PONTE VEDRA BEACH, Fla. -- Shareholders irritated by the fallout from Wells Fargo's sales-practices scandal sent a warning to the bank's executives and board, with some directors barely holding onto their jobs Tuesday in what is typically a symbolic vote.
The shareholder meeting was the first time Wells Fargo had met collectively with its investors since acknowledging last fall its employees opened up to 2 million bank accounts without getting customers' authorization to meet unrealistic sales quotes.
While all 15 board members kept their positions for another year, four directors received backing of 60 percent or less. That included chairman Stephen Sanger, who received 56 percent support.
"Wells Fargo shareholders today have sent the entire board a clear message of dissatisfaction," Sanger said.
Although shareholders voted everyone in, they were clearly unhappy. All the directors who were at Wells Fargo before the scandal broke got 80 percent or less of shareholders' votes, based on preliminary results. The three who got 99 percent were CEO Tim Sloan -- who got his job in October after former CEO John Stumpf departed -- and two independent directors who started earlier this year. Last year, Wells' board got approvals from at least 90 percent of shareholders -- a common level at big corporations.
Sanger said he did not see the slim majority as a vote of no confidence in his role as chairman. And he said the board has no plans to replace any members of the board following the vote.

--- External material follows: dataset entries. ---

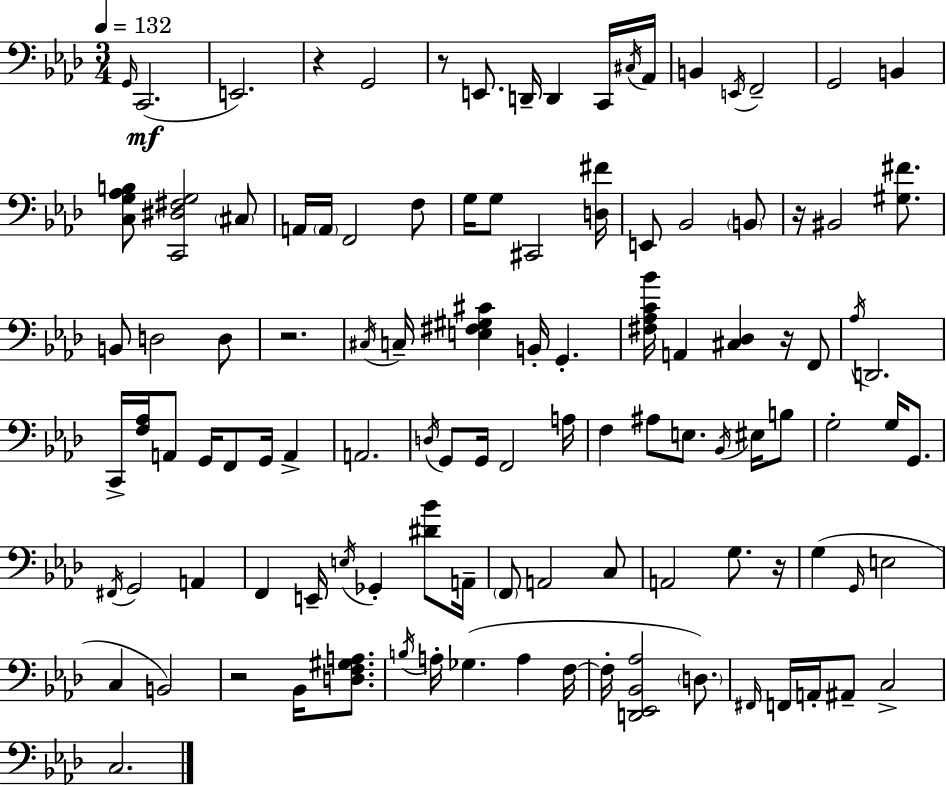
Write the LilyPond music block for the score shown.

{
  \clef bass
  \numericTimeSignature
  \time 3/4
  \key f \minor
  \tempo 4 = 132
  \grace { g,16 }(\mf c,2. | e,2.) | r4 g,2 | r8 e,8. d,16-- d,4 c,16 | \break \acciaccatura { cis16 } aes,16 b,4 \acciaccatura { e,16 } f,2-- | g,2 b,4 | <c g aes b>8 <c, dis fis g>2 | \parenthesize cis8 a,16 \parenthesize a,16 f,2 | \break f8 g16 g8 cis,2 | <d fis'>16 e,8 bes,2 | \parenthesize b,8 r16 bis,2 | <gis fis'>8. b,8 d2 | \break d8 r2. | \acciaccatura { cis16 } c16-- <e fis gis cis'>4 b,16-. g,4.-. | <fis aes c' bes'>16 a,4 <cis des>4 | r16 f,8 \acciaccatura { aes16 } d,2. | \break c,16-> <f aes>16 a,8 g,16 f,8 | g,16 a,4-> a,2. | \acciaccatura { d16 } g,8 g,16 f,2 | a16 f4 ais8 | \break e8. \acciaccatura { bes,16 } eis16 b8 g2-. | g16 g,8. \acciaccatura { fis,16 } g,2 | a,4 f,4 | e,16-- \acciaccatura { e16 } ges,4-. <dis' bes'>8 a,16-- \parenthesize f,8 a,2 | \break c8 a,2 | g8. r16 g4( | \grace { g,16 } e2 c4 | b,2) r2 | \break bes,16 <d f gis a>8. \acciaccatura { b16 } a16-. | ges4.( a4 f16~~ f16-. | <d, ees, bes, aes>2 \parenthesize d8.) \grace { fis,16 } | f,16 a,16-. ais,8-- c2-> | \break c2. | \bar "|."
}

"They didn't really have desire to replace any one director, but they did want to send a message to the board," Sanger said. Sanger did note at least six members of the board will reach retirement age in next four years, which will bring some fresh faces onto a board investors signaled needs to do more to stabilize Wells.

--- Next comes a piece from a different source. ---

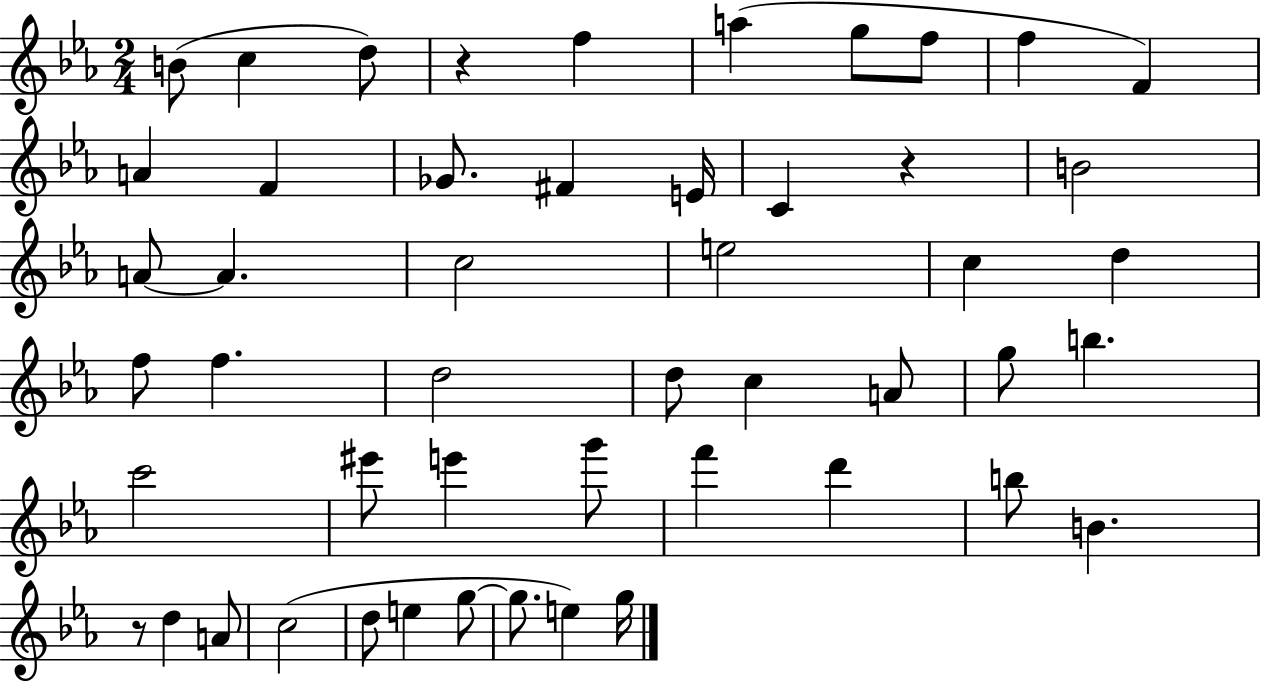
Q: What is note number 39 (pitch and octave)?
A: D5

Wells' contentious, three-hour-long shareholder meeting was interrupted several times by protesters, with one man, Bruce Marks with the Neighborhood Assistance Corporation of America, being effectively dragged out by armed security guards. Sanger said Marks had to be removed because he physically approached a board member, something people sitting nearby disputed.

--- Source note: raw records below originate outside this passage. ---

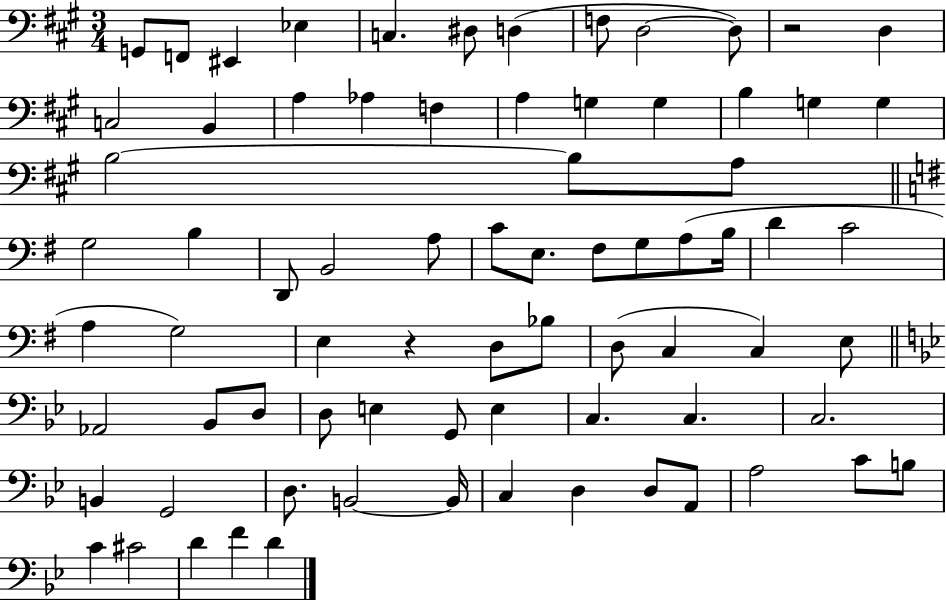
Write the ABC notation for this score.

X:1
T:Untitled
M:3/4
L:1/4
K:A
G,,/2 F,,/2 ^E,, _E, C, ^D,/2 D, F,/2 D,2 D,/2 z2 D, C,2 B,, A, _A, F, A, G, G, B, G, G, B,2 B,/2 A,/2 G,2 B, D,,/2 B,,2 A,/2 C/2 E,/2 ^F,/2 G,/2 A,/2 B,/4 D C2 A, G,2 E, z D,/2 _B,/2 D,/2 C, C, E,/2 _A,,2 _B,,/2 D,/2 D,/2 E, G,,/2 E, C, C, C,2 B,, G,,2 D,/2 B,,2 B,,/4 C, D, D,/2 A,,/2 A,2 C/2 B,/2 C ^C2 D F D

Other protesters were ordered to leave the meeting, escorted by guards but not physically forced to leave.
Shareholders, current and former employees and customers vented their anger, questioning how well board members did their jobs and the work of the company's auditor.
Many employees who spoke were affiliated with the Committee for Better Banks, a union-backed advocacy group, and called for additional investigation into Wells Fargo's sales practices, or even calling for union organization. Some customers who came to speak pleaded for mortgage relief.
It would have been a rare move for shareholders to oust the board, since investors typically look for stability at companies they're putting money into. But the recommendation by two major proxy advisory firms to vote out at least some of the directors meant a small but noticeable chance at least one director would be voted out.
Other shareholder proposals related to an additional investigation into the bank's retail sales practices and other corporate governance issues also were rejected by shareholders.
Since the scandal broke and regulators imposed $185 million in fines in September, the bank has changed the way it pays branch employees, reclaimed promised compensation to several executives and apologized to customers. The bank also recently settled a class-action lawsuit to the tune of $142 million related to its sales practices.
Wells' board has placed blame for the scandal at the feet of former managers, notably former CEO Stumpf and Carrie Tolstedt, who was the executive in charge of Wells' community-banking division while the problems were happening. Through a lawyer, Tolstedt has denied responsibility and said the board is trying to shift blame.